Université Wilfrid Laurier

Les études récentes sur l’épistolarité féminine au XVIIe siècle l’ont amplement démontré : le consensus autour de la lettre comme « genre féminin » est en trompe-l’œil dans une période où très peu de correspondances de femmes sont publiées en réalité, où ce sont des épistoliers que l’on consacre et canonise (Balzac, Voiture, Bussy-Rabutin) et où, comme l’ont fait remarquer Elizabeth Goldsmith et Colette Winn1, l’art épistolaire, tel qu’il est défini et illustré par les manuels, est garanti exclusivement par une autorité masculine. Pourtant, lorsque la correspondance de Bussy est publiée en 1697, par les soins de sa fille, Louise-Françoise de Coligny, et de Bouhours2, on y découvre que ses correspondants sont pour beaucoup des correspondantes, dont les lettres sont incluses parmi celles de Bussy. Ce choix des premiers éditeurs, peu banal compte tenu de la réticence à imprimer qui caractérise la production épistolaire féminine, s’explique par la nature des manuscrits laissés par Bussy, qui prenait copie de sa correspondance (envoyée et reçue) pour composer la suite de ses mémoires3. Cette édition permet en particulier à ses contemporains de découvrir les premières lettres imprimées de Sévigné4. Certes, les épistolières demeurent dans l’anonymat car, comme le constate Ludovic Lalanne à propos des premières éditions françaises de cette correspondance : « on se borne presque partout à indiquer les noms propres par des initiales, qui même quelquefois sont fausses5 ». Il faut donc attendre l’édition en 6 tomes établie par ce dernier au tournant du XIXe siècle pour que la contribution des femmes à ce corpus épistolaire apparaisse dans toute son ampleur6. Alors qu’on ne s’est penché jusqu’ici qu’isolément sur le cas de quelques contributrices jugées plus douées ou plus intéressantes7, nous nous proposons d’observer la dynamique à l’œuvre dans le groupe des épistolières recrutées par Bussy dès les débuts de son exil, à partir de 1666.
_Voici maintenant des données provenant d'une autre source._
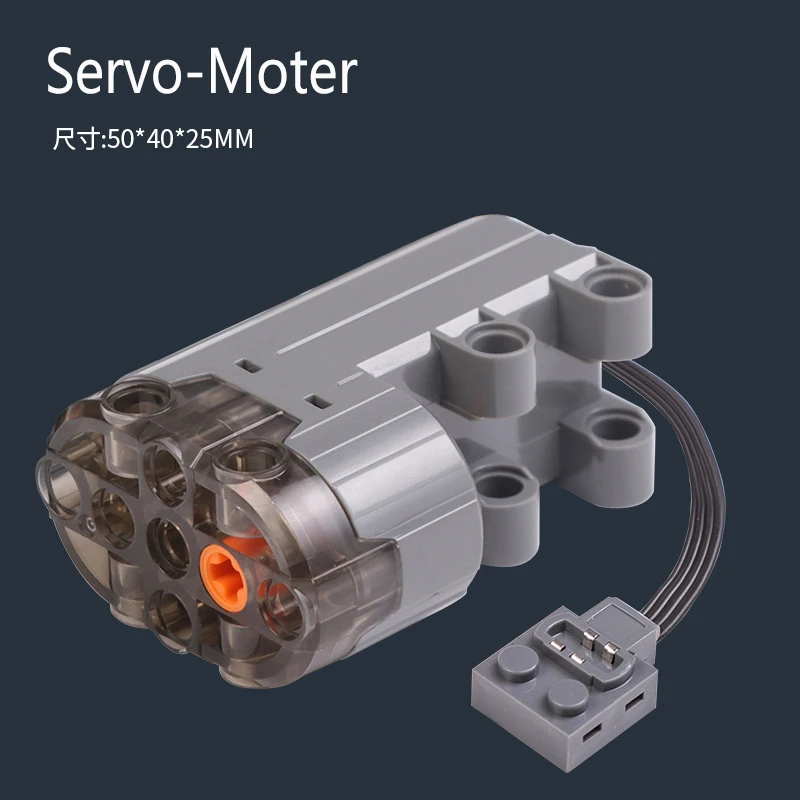 Technical Motor Parts Building Block Compatible Technical Mechanical Group MOC PF Power Function Upgrade XL-M-Servo Motor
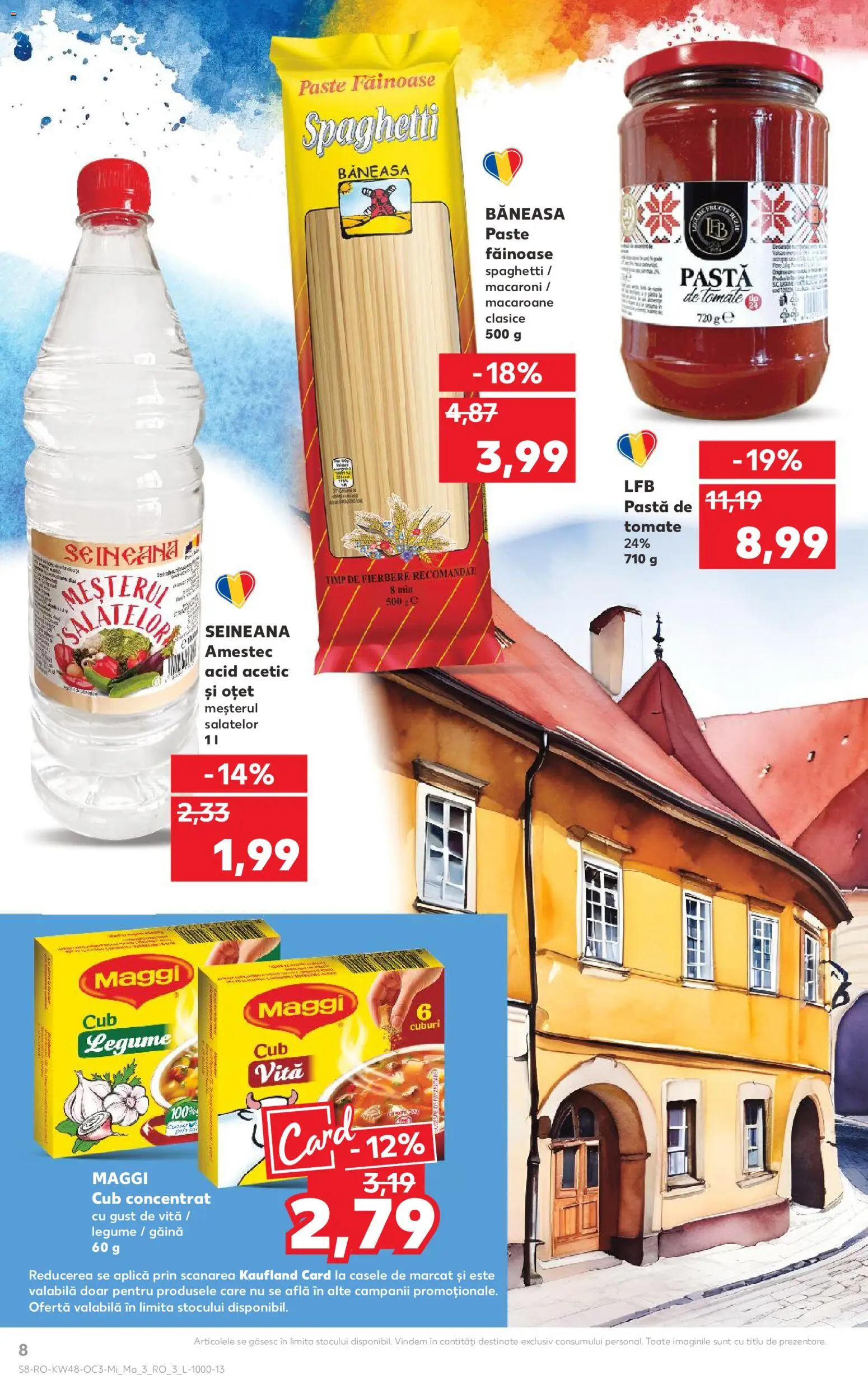 Catalog Kaufland 26 Noiembrie - 1 Decembrie 2025 | Pagina 8 | Produse: Pastă de tomate, Oțet, Paste, Legume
Il s’agira tout d’abord de souligner l’importance d’un groupe féminin qui tend à s’organiser en réseau de soutien. Contrairement à une tradition critique qui a fait de ces échanges « une frivole conversation mondaine avec quelques dames8 », nous voyons dans l’entreprise qui consiste à transmettre les nouvelles de Paris et de la cour, voire à œuvrer en sous-main pour le retour en grâce de Bussy, une intéressante formule collaborative et clandestine, venant illustrer l’intuition de Janet Altman selon laquelle le XVIIe siècle verrait la constitution d’un « underground » de l’épistolaire féminin9. Nous nous intéresserons ensuite à la prise en compte de la littérarité de l’épistolaire dans le contrat implicite qui se met en place entre Bussy et ses correspondantes. À côté de la dimension pragmatique et informative, la fréquence des remarques et des commentaires stylistiques, ainsi que l’échange de nombreuses pièces en prose et en vers, font du commerce de lettres un véritable atelier d’écriture. A priori, le partenariat avec un homme que sa réputation de libertin n’a pas empêché d’entrer à l’Académie, sert les ambitions d’écrivaines amateures, manifestement conscientes de participer au travail d’archivage et de catalogage, par Bussy, d’ego-documents à léguer à la postérité10. Mais non contentes de contribuer à l’entreprise apologétique, les épistolières11 se montrent disposées à poursuivre l’œuvre de fiction scandaleuse, en donnant une suite au récit des amours malheureuses avec Mme de Montglas dont le premier épisode, « Histoire de Bussy et de Bélise », venait clore l’Histoire amoureuse des Gaules12.